The terror attack was directed at Israel’s soft underbelly: The Alon factory is a symbol of Israeli-Palestinian coexistence. Hundreds of Palestinians work there, as do hundreds of Jews, shoulder to shoulder, in full harmony and cooperation. There had never been any kind of violence on the site. The fact that it was one of the workers who betrayed his friends and went on a killing spree inside the factory shocked many people, especially supporters of coexistence efforts on both sides.

The murders are a dilemma for Israel on the strategic-operational level as well. At this stage, Eizenkot and Shin Bet head Nadav Argaman continue to strongly support the existing policy. A single attack is not supposed to cause dramatic policy changes or system failures. However, if Na'alowa's attack is followed by copycats — which happens occasionally in the Israeli-Palestinian conflict — things might change. The Israeli cabinet might give up and instruct the IDF to return to the policy followed in past intifadas: invalidating work permits, imposing closures and blockades on problematic villages, collective punishment, dramatic increases in traffic barriers and significant narrowing of what freedom of movement the Palestinians enjoy now in the West Bank. We’re not there yet, thankfully, but it is possible that at this rate, we’ll soon find ourselves headed in that direction.

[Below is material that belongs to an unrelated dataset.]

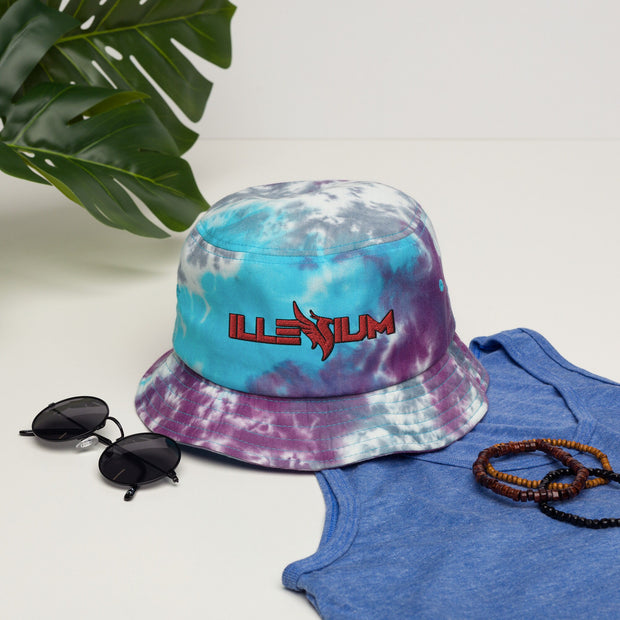 Illenium embroidered Tie-dye bucket hat from Festival Drip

To decide how to respond, Israel must first locate and detain the assailant. Among the public, especially on the right, voices are calling on the IDF not to capture him alive. He deserves to die, say family members of the people who were killed, and many Israelis share their opinion. There has also been much public criticism over the allegedly improved living conditions of Palestinian prisoners in Israeli jails. Many Israelis complain about the benefits they receive in jail and that there are always some prisoners released prematurely as part of prisoner-exchange deals with Hamas.

The IDF and the Shin Bet know that it is important to arrest Na'alowa alive for the chance to decipher what motivated his attack, how he planned it and how he made the decision to carry it out. Information of this type is very valuable now, when the security system has to deal more with furious outbursts by disconnected individuals than with organized terror groups.

This lack of affiliation has apparently helped Na'alowa disappear. Since he is not connected to any group, Israel’s intelligence superiority becomes irrelevant. An individual like Na'alowa can simply take refuge in a nearby cave and vanish, while relying on local people for necessities. In such a case, we can anticipate a long, tiring manhunt.

Statistics show that Israel always captures perpetrators — eventually. This case will be no different. Only then will we know if the attack in the industrial park is of the kind that will bring a turning point in Israeli strategy, or was just an uncharacteristic operational mishap in the security system. The truth is that prior to the attack, potential warning signs were missed, and the system did not react: The assailant missed work for two weeks. He left a suicide letter with a friend and managed to smuggle a submachine gun into the plant. Hundreds of assaults like this are thwarted every year by the IDF and the Shin Bet. Those that are not threaten to turn the tables on everyone.